Las Vegas Sun

April 26, 2024

Major gamers spend more than $1 million in off-campaign year, mostly on arena fight, Sandoval, Sisolak

Nevada’s major gaming companies reported spending more than $1 million on political activity last year, more than half of it by MGM Resorts International and Boyd Gaming to block an arena proposal proposed by Caesars Entertainment.

The costs of that legal and political fight are detailed below, as are the totals for the major casino corporations. One caveat: Some individual property donations are not included in the tallies, but they were minimal and generally went to one of the two fundraising juggernauts of 2011, Gov. Brian Sandoval ($700,000) or Clark County Commissioner Steve Sisolak ($1.2 million. Who knows? That could be the 2014 gubernatorial race matchup….

(These numbers were tallied using the secretary of state’s great new search engine, Aurora, the first time folks can comb through a searchable database. Try it for yourselves. And kudos to the SOS.)

Station: $80,000, $30,000 of which went to Clark County Commissioner Steve Sisolak

Also, many Democratic legislative incumbents don’t seem to fear the wrath of the Culinary union as they happily accepted money from the company. That includes Speaker-in-Hoping Marcus Conklin.

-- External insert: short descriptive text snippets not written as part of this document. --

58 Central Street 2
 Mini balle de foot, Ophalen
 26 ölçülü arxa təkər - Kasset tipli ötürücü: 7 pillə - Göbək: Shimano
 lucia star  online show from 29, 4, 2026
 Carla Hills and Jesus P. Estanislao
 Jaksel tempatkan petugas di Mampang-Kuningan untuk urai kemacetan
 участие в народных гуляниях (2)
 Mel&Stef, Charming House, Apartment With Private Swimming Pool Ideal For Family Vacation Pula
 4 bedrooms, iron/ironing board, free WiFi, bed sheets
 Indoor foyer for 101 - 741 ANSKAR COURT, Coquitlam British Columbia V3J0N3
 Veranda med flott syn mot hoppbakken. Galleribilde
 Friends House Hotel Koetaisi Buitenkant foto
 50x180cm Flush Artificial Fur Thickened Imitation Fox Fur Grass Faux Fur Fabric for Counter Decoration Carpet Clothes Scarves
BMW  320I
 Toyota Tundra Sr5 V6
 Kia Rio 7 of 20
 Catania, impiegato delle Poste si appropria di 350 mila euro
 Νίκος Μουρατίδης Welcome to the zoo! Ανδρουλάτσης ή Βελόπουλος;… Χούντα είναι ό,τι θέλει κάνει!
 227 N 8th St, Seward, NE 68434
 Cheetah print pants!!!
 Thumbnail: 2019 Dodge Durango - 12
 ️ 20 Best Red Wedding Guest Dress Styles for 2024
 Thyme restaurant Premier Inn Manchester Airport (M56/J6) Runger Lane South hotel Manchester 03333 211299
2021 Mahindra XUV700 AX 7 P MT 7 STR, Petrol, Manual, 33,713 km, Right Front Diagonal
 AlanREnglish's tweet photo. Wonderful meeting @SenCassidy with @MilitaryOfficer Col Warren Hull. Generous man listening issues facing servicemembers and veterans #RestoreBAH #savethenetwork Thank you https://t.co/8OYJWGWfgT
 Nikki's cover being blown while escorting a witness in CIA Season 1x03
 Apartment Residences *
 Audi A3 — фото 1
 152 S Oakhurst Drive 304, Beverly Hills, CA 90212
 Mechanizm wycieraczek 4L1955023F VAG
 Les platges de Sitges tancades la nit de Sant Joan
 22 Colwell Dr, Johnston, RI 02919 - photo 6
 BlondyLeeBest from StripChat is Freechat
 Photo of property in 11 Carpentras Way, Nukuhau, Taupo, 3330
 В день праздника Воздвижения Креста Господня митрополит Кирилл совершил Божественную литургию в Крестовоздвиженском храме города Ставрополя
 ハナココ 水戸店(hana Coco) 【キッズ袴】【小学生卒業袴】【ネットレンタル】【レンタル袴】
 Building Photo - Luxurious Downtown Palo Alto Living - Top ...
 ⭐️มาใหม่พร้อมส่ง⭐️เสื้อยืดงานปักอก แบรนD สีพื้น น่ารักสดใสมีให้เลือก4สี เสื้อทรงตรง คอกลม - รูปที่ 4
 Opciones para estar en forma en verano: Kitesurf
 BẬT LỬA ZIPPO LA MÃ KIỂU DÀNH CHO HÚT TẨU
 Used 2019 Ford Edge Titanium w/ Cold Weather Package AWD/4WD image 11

Wynn: $115,000, almost half to Gov. Brian Sandoval, either for him or his inauguration.

MGM Resorts: $446,000, nearly all of it to try to fight that arena proposal by Caesars Entertainment.

Caesars: $136,000, about a third of it on pushing that arena and about half on Gov. Brian Sandoval or his inauguration.

Las Vegas Sands: $195,000, about half in in-kinds to the Clark GOP and conservative Keystone and $35,000 to Sandoval or his inaugural committee. (Interesting note: The company gave $5,000 to County Commissioner Steve Sisolak, a rare donation to a Democrat, perhaps because Sisolak went after public sector unions.)